WHAT NEEDS TO BE DONE: Even if a line seems odd, print it as it is, and include every record.

──────────

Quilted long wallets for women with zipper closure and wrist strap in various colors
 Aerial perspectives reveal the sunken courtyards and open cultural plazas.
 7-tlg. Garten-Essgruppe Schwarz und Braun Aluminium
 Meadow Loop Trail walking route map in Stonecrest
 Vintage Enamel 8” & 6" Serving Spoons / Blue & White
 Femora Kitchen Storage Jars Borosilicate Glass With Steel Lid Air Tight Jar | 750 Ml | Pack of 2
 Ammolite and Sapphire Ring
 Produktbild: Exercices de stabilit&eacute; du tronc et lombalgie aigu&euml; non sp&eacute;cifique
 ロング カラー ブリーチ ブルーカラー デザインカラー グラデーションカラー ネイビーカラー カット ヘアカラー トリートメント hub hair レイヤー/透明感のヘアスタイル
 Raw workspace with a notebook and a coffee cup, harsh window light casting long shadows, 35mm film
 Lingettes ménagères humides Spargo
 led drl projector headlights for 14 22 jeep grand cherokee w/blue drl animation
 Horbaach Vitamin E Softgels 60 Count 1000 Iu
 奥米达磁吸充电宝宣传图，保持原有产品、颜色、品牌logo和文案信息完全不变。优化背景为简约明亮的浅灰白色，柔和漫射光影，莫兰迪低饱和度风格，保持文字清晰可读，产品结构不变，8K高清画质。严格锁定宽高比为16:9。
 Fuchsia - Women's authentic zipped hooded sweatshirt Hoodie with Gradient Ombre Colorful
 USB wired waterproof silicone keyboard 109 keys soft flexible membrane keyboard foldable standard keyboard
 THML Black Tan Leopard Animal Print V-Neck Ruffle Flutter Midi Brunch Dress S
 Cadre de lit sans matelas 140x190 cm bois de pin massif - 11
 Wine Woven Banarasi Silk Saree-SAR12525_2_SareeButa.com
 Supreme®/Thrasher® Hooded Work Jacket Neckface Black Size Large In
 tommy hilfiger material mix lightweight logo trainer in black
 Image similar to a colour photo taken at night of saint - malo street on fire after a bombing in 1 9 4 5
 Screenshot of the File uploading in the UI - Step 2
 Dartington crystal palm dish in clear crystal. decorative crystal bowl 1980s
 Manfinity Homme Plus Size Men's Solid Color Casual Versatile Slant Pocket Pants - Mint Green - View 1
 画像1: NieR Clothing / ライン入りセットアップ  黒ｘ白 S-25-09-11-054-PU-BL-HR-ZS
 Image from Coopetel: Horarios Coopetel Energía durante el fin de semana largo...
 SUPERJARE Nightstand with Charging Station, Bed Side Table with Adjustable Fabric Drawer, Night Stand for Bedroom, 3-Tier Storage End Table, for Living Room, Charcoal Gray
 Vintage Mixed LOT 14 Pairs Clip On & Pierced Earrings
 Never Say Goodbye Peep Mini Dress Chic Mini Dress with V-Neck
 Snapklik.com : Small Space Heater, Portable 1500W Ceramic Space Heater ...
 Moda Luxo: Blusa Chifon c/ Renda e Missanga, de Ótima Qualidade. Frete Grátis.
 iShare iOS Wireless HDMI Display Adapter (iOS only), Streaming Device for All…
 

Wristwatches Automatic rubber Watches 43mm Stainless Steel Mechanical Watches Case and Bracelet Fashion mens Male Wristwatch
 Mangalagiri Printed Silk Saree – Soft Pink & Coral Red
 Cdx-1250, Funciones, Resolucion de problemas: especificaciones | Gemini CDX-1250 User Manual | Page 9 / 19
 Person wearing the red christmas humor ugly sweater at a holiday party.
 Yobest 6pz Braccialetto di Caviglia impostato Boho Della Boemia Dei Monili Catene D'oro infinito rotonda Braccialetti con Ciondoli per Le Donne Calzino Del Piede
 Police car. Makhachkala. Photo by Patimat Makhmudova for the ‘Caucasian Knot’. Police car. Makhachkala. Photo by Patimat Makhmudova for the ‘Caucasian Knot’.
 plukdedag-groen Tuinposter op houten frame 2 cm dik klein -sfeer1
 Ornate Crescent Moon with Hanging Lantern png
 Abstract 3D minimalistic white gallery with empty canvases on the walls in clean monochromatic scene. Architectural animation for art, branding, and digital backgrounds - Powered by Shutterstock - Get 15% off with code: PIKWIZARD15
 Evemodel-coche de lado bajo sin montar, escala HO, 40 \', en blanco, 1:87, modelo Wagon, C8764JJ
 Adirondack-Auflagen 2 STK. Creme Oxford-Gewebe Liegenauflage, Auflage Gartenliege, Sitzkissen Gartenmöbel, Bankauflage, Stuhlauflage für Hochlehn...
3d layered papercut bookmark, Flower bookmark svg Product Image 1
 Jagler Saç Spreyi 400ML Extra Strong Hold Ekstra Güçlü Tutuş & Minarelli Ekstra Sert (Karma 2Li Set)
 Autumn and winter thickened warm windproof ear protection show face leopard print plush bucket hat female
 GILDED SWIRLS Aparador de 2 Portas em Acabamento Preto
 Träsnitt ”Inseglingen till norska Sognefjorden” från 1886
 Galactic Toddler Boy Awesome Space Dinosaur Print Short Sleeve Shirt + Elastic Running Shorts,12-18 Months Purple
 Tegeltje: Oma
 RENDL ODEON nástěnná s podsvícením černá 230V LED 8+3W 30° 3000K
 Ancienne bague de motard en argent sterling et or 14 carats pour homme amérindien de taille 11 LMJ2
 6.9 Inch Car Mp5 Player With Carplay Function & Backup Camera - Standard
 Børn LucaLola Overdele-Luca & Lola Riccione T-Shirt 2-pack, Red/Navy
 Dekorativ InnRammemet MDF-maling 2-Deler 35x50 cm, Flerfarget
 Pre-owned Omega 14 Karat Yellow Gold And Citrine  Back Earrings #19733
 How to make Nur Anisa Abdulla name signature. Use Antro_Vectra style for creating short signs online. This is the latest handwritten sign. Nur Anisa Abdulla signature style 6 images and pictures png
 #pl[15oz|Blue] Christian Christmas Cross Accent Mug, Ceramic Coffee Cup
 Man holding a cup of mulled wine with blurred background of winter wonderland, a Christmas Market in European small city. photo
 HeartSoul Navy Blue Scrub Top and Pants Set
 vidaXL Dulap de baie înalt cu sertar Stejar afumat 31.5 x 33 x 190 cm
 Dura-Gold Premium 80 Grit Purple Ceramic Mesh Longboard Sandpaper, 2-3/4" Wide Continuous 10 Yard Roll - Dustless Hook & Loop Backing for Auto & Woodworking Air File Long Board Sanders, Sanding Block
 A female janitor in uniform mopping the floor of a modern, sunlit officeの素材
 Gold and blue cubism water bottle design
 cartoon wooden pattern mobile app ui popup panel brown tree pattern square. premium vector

──────────

OUTPUT:
Quilted long wallets for women with zipper closure and wrist strap in various colors
 Aerial perspectives reveal the sunken courtyards and open cultural plazas.
 7-tlg. Garten-Essgruppe Schwarz und Braun Aluminium
 Meadow Loop Trail walking route map in Stonecrest
 Vintage Enamel 8” & 6" Serving Spoons / Blue & White
 Femora Kitchen Storage Jars Borosilicate Glass With Steel Lid Air Tight Jar | 750 Ml | Pack of 2
 Ammolite and Sapphire Ring
 Produktbild: Exercices de stabilit&eacute; du tronc et lombalgie aigu&euml; non sp&eacute;cifique
 ロング カラー ブリーチ ブルーカラー デザインカラー グラデーションカラー ネイビーカラー カット ヘアカラー トリートメント hub hair レイヤー/透明感のヘアスタイル
 Raw workspace with a notebook and a coffee cup, harsh window light casting long shadows, 35mm film
 Lingettes ménagères humides Spargo
 led drl projector headlights for 14 22 jeep grand cherokee w/blue drl animation
 Horbaach Vitamin E Softgels 60 Count 1000 Iu
 奥米达磁吸充电宝宣传图，保持原有产品、颜色、品牌logo和文案信息完全不变。优化背景为简约明亮的浅灰白色，柔和漫射光影，莫兰迪低饱和度风格，保持文字清晰可读，产品结构不变，8K高清画质。严格锁定宽高比为16:9。
 Fuchsia - Women's authentic zipped hooded sweatshirt Hoodie with Gradient Ombre Colorful
 USB wired waterproof silicone keyboard 109 keys soft flexible membrane keyboard foldable standard keyboard
 THML Black Tan Leopard Animal Print V-Neck Ruffle Flutter Midi Brunch Dress S
 Cadre de lit sans matelas 140x190 cm bois de pin massif - 11
 Wine Woven Banarasi Silk Saree-SAR12525_2_SareeButa.com
 Supreme®/Thrasher® Hooded Work Jacket Neckface Black Size Large In
 tommy hilfiger material mix lightweight logo trainer in black
 Image similar to a colour photo taken at night of saint - malo street on fire after a bombing in 1 9 4 5
 Screenshot of the File uploading in the UI - Step 2
 Dartington crystal palm dish in clear crystal. decorative crystal bowl 1980s
 Manfinity Homme Plus Size Men's Solid Color Casual Versatile Slant Pocket Pants - Mint Green - View 1
 画像1: NieR Clothing / ライン入りセットアップ  黒ｘ白 S-25-09-11-054-PU-BL-HR-ZS
 Image from Coopetel: Horarios Coopetel Energía durante el fin de semana largo...
 SUPERJARE Nightstand with Charging Station, Bed Side Table with Adjustable Fabric Drawer, Night Stand for Bedroom, 3-Tier Storage End Table, for Living Room, Charcoal Gray
 Vintage Mixed LOT 14 Pairs Clip On & Pierced Earrings
 Never Say Goodbye Peep Mini Dress Chic Mini Dress with V-Neck
 Snapklik.com : Small Space Heater, Portable 1500W Ceramic Space Heater ...
 Moda Luxo: Blusa Chifon c/ Renda e Missanga, de Ótima Qualidade. Frete Grátis.
 iShare iOS Wireless HDMI Display Adapter (iOS only), Streaming Device for All…
 

Wristwatches Automatic rubber Watches 43mm Stainless Steel Mechanical Watches Case and Bracelet Fashion mens Male Wristwatch
 Mangalagiri Printed Silk Saree – Soft Pink & Coral Red
 Cdx-1250, Funciones, Resolucion de problemas: especificaciones | Gemini CDX-1250 User Manual | Page 9 / 19
 Person wearing the red christmas humor ugly sweater at a holiday party.
 Yobest 6pz Braccialetto di Caviglia impostato Boho Della Boemia Dei Monili Catene D'oro infinito rotonda Braccialetti con Ciondoli per Le Donne Calzino Del Piede
 Police car. Makhachkala. Photo by Patimat Makhmudova for the ‘Caucasian Knot’. Police car. Makhachkala. Photo by Patimat Makhmudova for the ‘Caucasian Knot’.
 plukdedag-groen Tuinposter op houten frame 2 cm dik klein -sfeer1
 Ornate Crescent Moon with Hanging Lantern png
 Abstract 3D minimalistic white gallery with empty canvases on the walls in clean monochromatic scene. Architectural animation for art, branding, and digital backgrounds - Powered by Shutterstock - Get 15% off with code: PIKWIZARD15
 Evemodel-coche de lado bajo sin montar, escala HO, 40 \', en blanco, 1:87, modelo Wagon, C8764JJ
 Adirondack-Auflagen 2 STK. Creme Oxford-Gewebe Liegenauflage, Auflage Gartenliege, Sitzkissen Gartenmöbel, Bankauflage, Stuhlauflage für Hochlehn...
3d layered papercut bookmark, Flower bookmark svg Product Image 1
 Jagler Saç Spreyi 400ML Extra Strong Hold Ekstra Güçlü Tutuş & Minarelli Ekstra Sert (Karma 2Li Set)
 Autumn and winter thickened warm windproof ear protection show face leopard print plush bucket hat female
 GILDED SWIRLS Aparador de 2 Portas em Acabamento Preto
 Träsnitt ”Inseglingen till norska Sognefjorden” från 1886
 Galactic Toddler Boy Awesome Space Dinosaur Print Short Sleeve Shirt + Elastic Running Shorts,12-18 Months Purple
 Tegeltje: Oma
 RENDL ODEON nástěnná s podsvícením černá 230V LED 8+3W 30° 3000K
 Ancienne bague de motard en argent sterling et or 14 carats pour homme amérindien de taille 11 LMJ2
 6.9 Inch Car Mp5 Player With Carplay Function & Backup Camera - Standard
 Børn LucaLola Overdele-Luca & Lola Riccione T-Shirt 2-pack, Red/Navy
 Dekorativ InnRammemet MDF-maling 2-Deler 35x50 cm, Flerfarget
 Pre-owned Omega 14 Karat Yellow Gold And Citrine  Back Earrings #19733
 How to make Nur Anisa Abdulla name signature. Use Antro_Vectra style for creating short signs online. This is the latest handwritten sign. Nur Anisa Abdulla signature style 6 images and pictures png
 #pl[15oz|Blue] Christian Christmas Cross Accent Mug, Ceramic Coffee Cup
 Man holding a cup of mulled wine with blurred background of winter wonderland, a Christmas Market in European small city. photo
 HeartSoul Navy Blue Scrub Top and Pants Set
 vidaXL Dulap de baie înalt cu sertar Stejar afumat 31.5 x 33 x 190 cm
 Dura-Gold Premium 80 Grit Purple Ceramic Mesh Longboard Sandpaper, 2-3/4" Wide Continuous 10 Yard Roll - Dustless Hook & Loop Backing for Auto & Woodworking Air File Long Board Sanders, Sanding Block
 A female janitor in uniform mopping the floor of a modern, sunlit officeの素材
 Gold and blue cubism water bottle design
 cartoon wooden pattern mobile app ui popup panel brown tree pattern square. premium vector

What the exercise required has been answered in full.